Drain the water from the sink or boiler. If it’s draining really slowly, it may take some time, but if you drain the water yourself, the drain cleaning mixture will work on the clog much faster.

Gather house cleaning/kitchen items. You have several options for creating a non-commercial expense opener. Most contain vinegar and another substance that, when combined, creates a chemical reaction. See if you have any of these expense openers on hand:
Vinegar (white or apple cider vinegar work) is the acidic base to create a foaming reaction.
Lemon juice is acidic, like vinegar, but smells refreshing. This makes lemon juice a good option for cleaning clogged kitchen sinks.
Baking soda is often used as an all-purpose cleaner.
The salt will help clear the congestion.

Pour the vinegar and another drain opener through the drain. There is no need to stir before pouring the drain. The mixture will foam up on its own as the chemical reaction takes place.
For a vinegar and baking soda combination: Use 1/2 cup baking soda and 1/2 cup white vinegar.
For the lemon juice and baking soda combination: Use 1 cup of baking soda and 1 cup of lemon juice.
For the salt, borax, and vinegar combination: Use 1/4 cup borax, 1/4 cup salt, and 1/2 cup vinegar.

Chapter 2
Clogging the Congestion

Cover and let the mixture sit. Use the tub plug to close the drain or cover with a steaming cloth. Keep the drain closed for 30 minutes. During this time, the foam will try to wear away the blockage.
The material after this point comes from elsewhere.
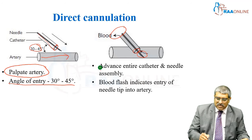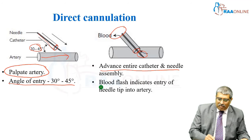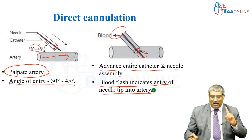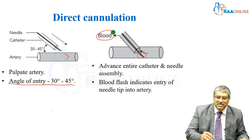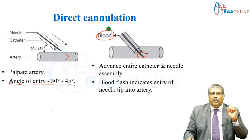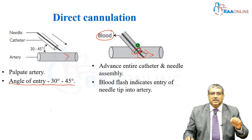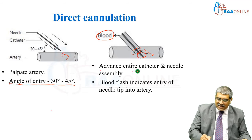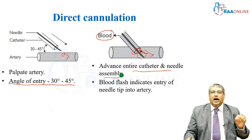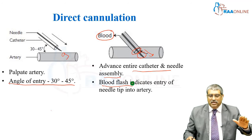Once blood comes, you should not remove the needle — you should advance the catheter and needle a little further. Blood flash indicates the needle tip is in the artery, which is very important. Once the needle is in the lumen, you can see the blood inside the proximal part of the cannula. You have to advance a little further so that the catheter is also inside the lumen. Sometimes only the needle tip is there and you can still see blood, but the catheter is outside the vascular lumen. So you have to advance both the catheter and needle a little bit to confirm blood flash, so that both the needle tip and the cannula are inside the vascular lumen.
Dip in the drain. Use a small sink size pump to agitate the clogged material. Create a seal and press the rubber base of the pump up and down.
The plunge is best if you fill the reservoir or are submerged with water. The added pressure from the water allows the blockage to open.

Use a sling to remove the blockage. If the drain is clogged with hair, take a metal hanger and twist it until you get a long piece of metal with a small hook at one end. Carefully feed the hook end of the wire down the drain. Twist the wire and try to close the blockage. Gently pull the wire back after catching the clog.
Be careful not to scratch your sink or tub with exposed metal. Also, be careful when undoing the hanger. Metal can be sharp.

Use a drain snake. A draining snake looks like a long metal string. You will need to carefully feed the snake into the sewer. If the snake gets stuck, you want to twist the cable. This will keep it clogged. As you slowly pull the snake back, the obstruction should be cleared. Wash with water and repeat.
Use work gloves as the metal snake can be sharp. You should also have an old towel and ladle to set the clogged material.

Chapter 3
Washing the Sewer

Flush the drain with hot water. Boil at least 6 cups of hot water or several kettles. Open the drain and slowly pour the hot water down.
If there are plastic pipes, use only very hot water. Avoid pouring boiling water into the drain.

Repeat. If the water still flows slowly, repeat the process until the drain is clear.
If the clog still stubbornly resists draining, you may have a stuck hairball. This may require manual removal of the blockage. Consider calling a plumber, especially if the drain stops completely.

Use gravity and pressure to clear the drain. This works best on a clogged tub because you can fill the tub with gallons of water. Fill the tub with hot water. Then open the drain and let the pressure of all that water help break up the clog.